In additon to these rap sheet creations, Frey also invented a role for himself in a deadly train accident that cost the lives of two female high school students. In what may be his book's most crass flight from reality, Frey remarkably appropriates and manipulates details of the incident so he can falsely portray himself as the tragedy's third victim. It's a cynical and offensive ploy that has left one of the victims' parents bewildered. "As far as I know, he had nothing to do with the accident," said the mother of one of the dead girls. "I figured he was taking license...he's a writer, you know, they don't tell everything that's factual and true."
From MSNBC:
Quote:BASTONE: Well, I mean, the book, one of the incantations that he repeats in the book is that he was alcoholic, a drug addict and a criminal. And the criminal part of his past plays a very important role in the book.
And we decided to take a look at, you know, whether that actually happened and what he did was he blew out of proportion small incidents, especially the kind of single most important arrest described in the book into kind of full-blown fights with police, possession of crack, hitting a cop with a car.

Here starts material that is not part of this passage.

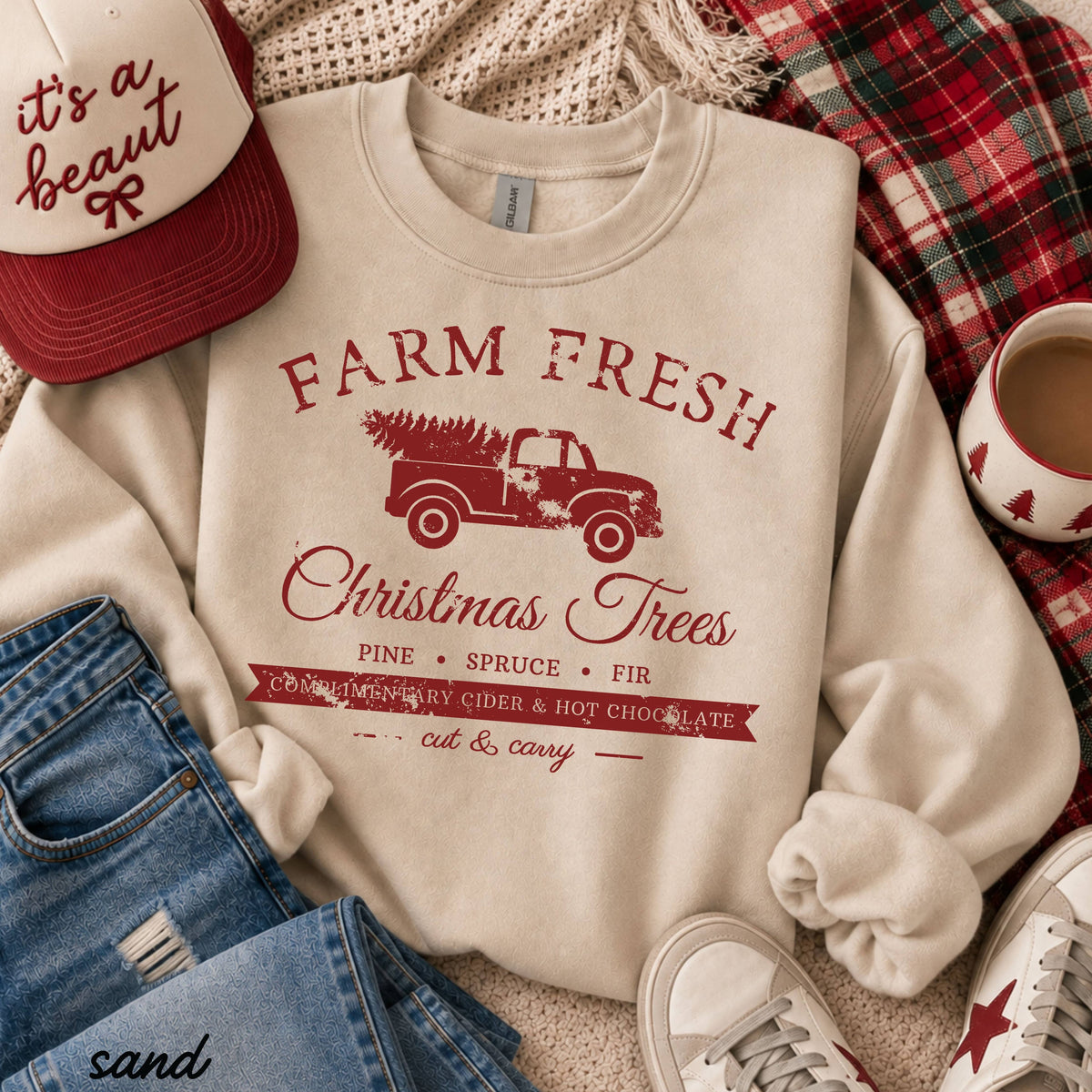 A cream-colored crewneck sweatshirt with a red graphic print reading 'FARM FRESH Christmas Trees' and listing holiday ingredients, styled in a cozy flat-lay with jeans, a red trucker hat, a mug, and white sneakers.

When, in fact, it ended up being about the most vanilla, sort of minor misdemeanor drunk driving thing you could ever come across. And the importance of it is that it serves as kind of almost like a maypole around which a lot of other threads in the book revolve. The fear that he is going to go to prison for three years. These tense confrontations with his parents at a drug rehab center and finally the amazing outcome that he basically attributes to kind of almost a fix that is done on the case.
So it‘s kind of like, I think he needed to burnish what was kind of a run of the mill college boy‘s wrap sheet into this thing where he is bad. I‘m a bad guy. I was a bad guy. I was capital C criminal.
OLBERMANN: A couple of particulars here. How long was he in rehab as opposed to what it says in the book?
BASTONE: We didn‘t look at the rehab stuff. The prison time is what we looked at.
OLBERMANN: Right, the prison time.
BASTONE: He said he initially was looking at three years in an Ohio state facility and then magically the case somehow fell apart against him. But he did three months. We went to the sheriff. The sheriff checked the records. He never was in the facility. Basically it came down—and we confronted him.
He admitted he was in jail for a lot less time than three months and we said well, was it more like one or two days? He said yes, it was something along the lines of that. In reality, we think it was no more than five hours that he would have been in custody in a small Ohio police headquarters that didn‘t even have a secured holding facility, so he was like in a room until someone posted his bail.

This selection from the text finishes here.